We know healthcare workers are critically important to communities throughout the country. Some areas, however, experience shortages and are underserved. The Department of Health and Human Services (HHS) reports that, as of January 2013, there were 5,864 primary-care Health Professional Shortage Areas (HPSAs) with 57 million people living in them. Recent research finds that the United States is experiencing an expanding shortage of primary-care physicians and this shortage is expected to worsen in the coming decades. Using population and demographic projections, a 2012 study in the Annals of Family Medicine suggests that by 2025 the United States will require nearly 52,000 more primary-care physicians—a demand likely driven by population growth and aging.
Considering the aging baby boom generation as part of the demographic puzzle, a February 2013 Migration Policy Institute (MPI) report states that:
“Baby boomers represent the majority of working nurses in the country. Their retirement, starting now in increasing numbers, is expected to increase employment opportunities for nurses. As baby boomers age, meanwhile, they will drive up demand for health care services. Illnesses associated with aging and high rates of obesity generate multiple chronic conditions that require complex, and sometimes costly, care management. The market for home care and long-term care is likely to grow.”
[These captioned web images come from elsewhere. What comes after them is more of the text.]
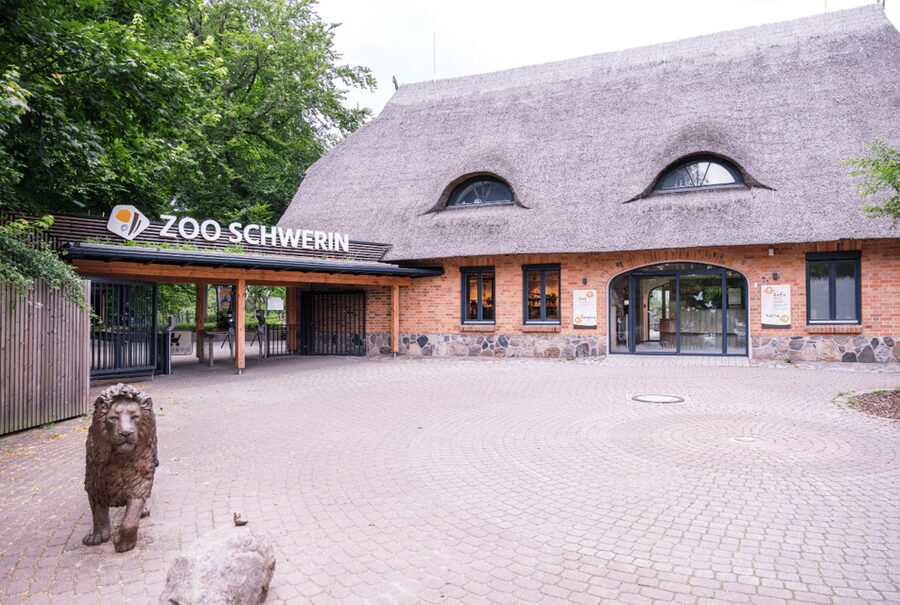 1-day ticket for Schwerin Zoo - Asiatic Lions, David’s Deer, and Rothschild Giraffes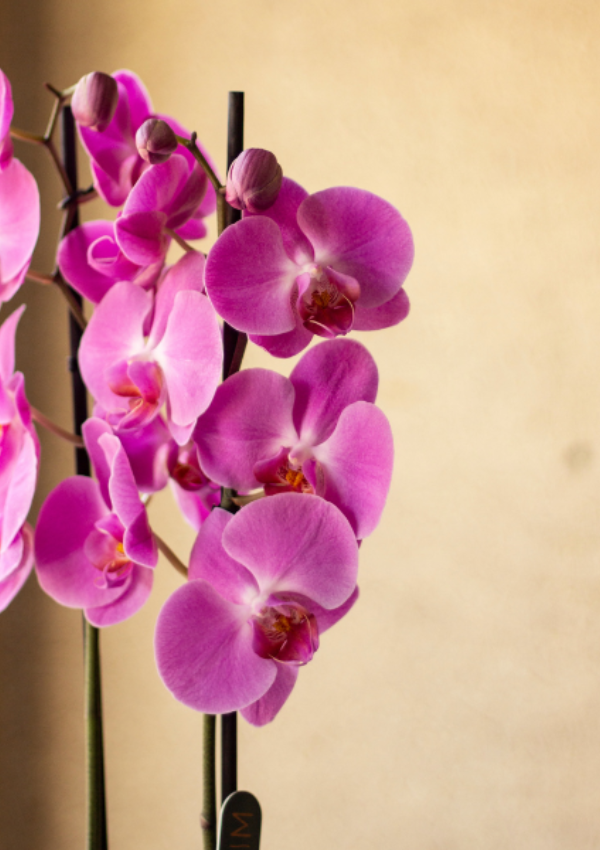 Orquídea Rosa
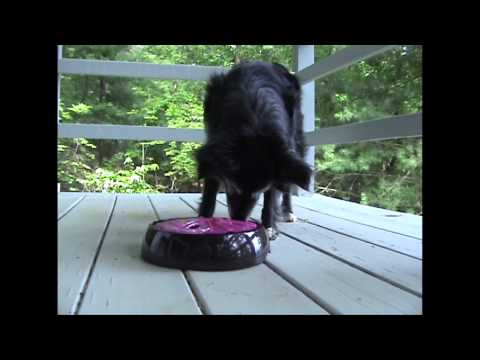 Johann Tests the Aikiou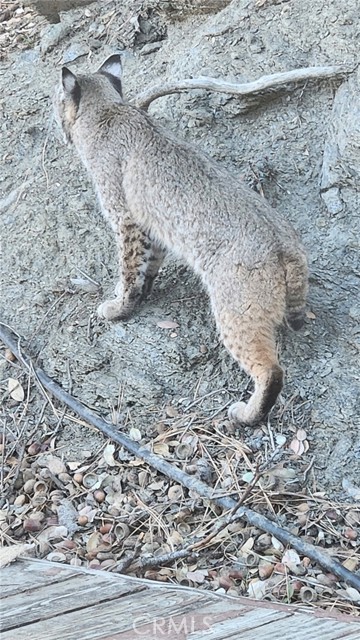 Detail Gallery Image 46 of 57 For 5180 Lone Pine Canyon, Wrightwood,  CA 92397 - 4 Beds | 2 Baths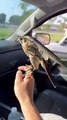Falcon Flies Along With Driver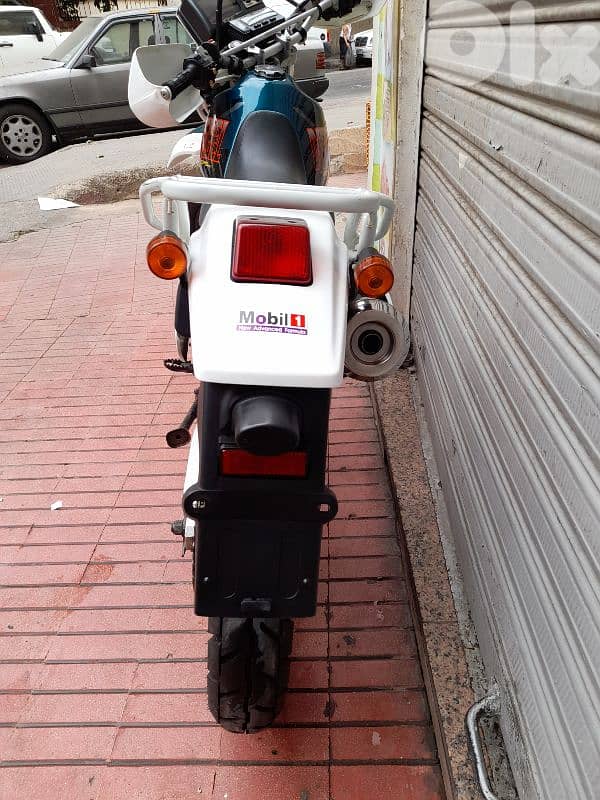 لبنان طرابلس 3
The MPI report and other research suggest that internationally educated nurses may be attractive to hospitals with particular language, cross-cultural, and population needs.
Therefore, addressing the growing shortage of doctors, nurses, and other healthcare workers is another thread in the tapestry of immigration reform. Future-flow discussions should consider ways to streamline the movement of immigrant and non-immigrant (temporary) primary-care physicians, for example, to work in underserved and shortage areas within the United States. With immigration reform and future healthcare needs in mind, items to consider include expanding and streamlining the number of pathways for medical professionals from abroad, such as employment-based green cards for permanent residency, H-1B visas, and the Conrad 30 visa-waiver program for J-1 visa-holders. (The Conrad 30 program is designed particularly to route foreign-born medical professionals to designated shortage and underserved areas).
In other words, facilitating the participation of foreign-born medical professionals in the U.S. healthcare system involves not only options for permanent residency, but also efficient legal avenues for those who wish to come to the U.S. temporarily. Considering long-term demographic trends, and the needs of employers and communities, it is clear that medical professionals from abroad will prove integral to addressing our healthcare challenges and must be an important part of immigration reform discussions.